Great excitement yesterday: I walked into the library and there, on the stand facing me, was Ian Rankin’s latest book.  Could I borrow it?  Please?  I could – and two minutes later I walked out with the shiny hardback in my hot and sticky handbag.  LOL.  It’s a Rebus book, too, featuring a newly-reinstated JR who has rejoined the force at a lower grade and is now looking into a possible miscarriage of justice which happened thirty years before.  It concerns a Masonic-type group of policemen who called themselves the Saints of the Shadow-Bible, and that is the title of the book.  I haven’t got very far with it yet, but will post a full review when I do.

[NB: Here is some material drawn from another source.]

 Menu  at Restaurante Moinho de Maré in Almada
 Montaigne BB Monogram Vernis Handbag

In other news, the tap has been fixed (deep joy) and we are going to look at a couple of houses: one today in Aylestone and one next week in Clarendon Park.  But I can’t leave you without saying a word about Nelson Mandela.

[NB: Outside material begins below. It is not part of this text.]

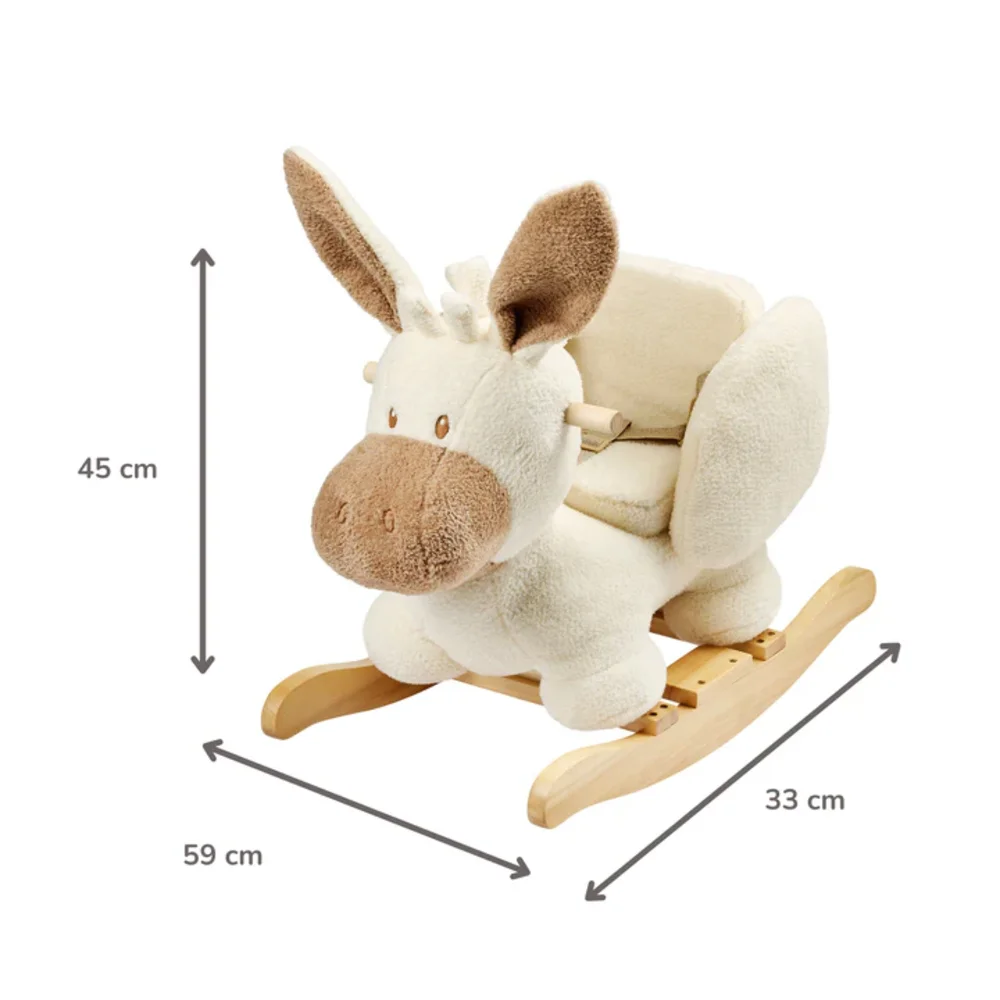 Teddy schommelpaard ezel ecru Teddy Teddy schommelpaard ezel ecru Teddy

I want to start with a confession – or an almost-confession: years ago when I was about nineteen I almost – I stress ‘almost’ – opened a bank account with Barclays.  This was very significant because unlike some other banks, Barclays were big investors in apartheid South Africa and hence were boycotted by many people.  The reason I almost opened an account was not that I supported apartheid.  Of course I didn’t.  It wasn’t that I was indifferent either – of course I wasn’t: I found apartheid as repugnant as most people did.  The reason I almost did this was that I didn’t think my actions were significant.  I didn’t think it mattered what I did with my tiny amount of money; at bottom, I didn’t think mattered.  I thought my money was just a drop in the ocean; I thought I was just a drop in the ocean, and it didn’t occur to me to think that the ocean is made up of just that – tiny drops.  We are all a drop in the ocean, but the ocean is nothing more than each one of us put together: and so we all matter, every one of us.  And what we do matters.

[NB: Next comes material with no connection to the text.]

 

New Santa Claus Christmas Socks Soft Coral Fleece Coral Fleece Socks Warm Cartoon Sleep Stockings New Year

I am happy to say that I have acted on this principle ever since; I did not open an account with Barclays and I generally try to consider the ethical implications of everything I buy and every organisation I support.  And I’m glad – because it just as much as the struggles of the ANC, it was international pressure which brought apartheid to its knees.  Mandela was a truly remarkable man and his actions after release in setting up the Truth and Reconciliation Commission and so avoiding what looked like an inevitable bloodbath, show that he was a great soul.  Though he didn’t have Gandhi’s commitment to non-violence, he was in the end a Mahatma in the great tradition of Gandhi.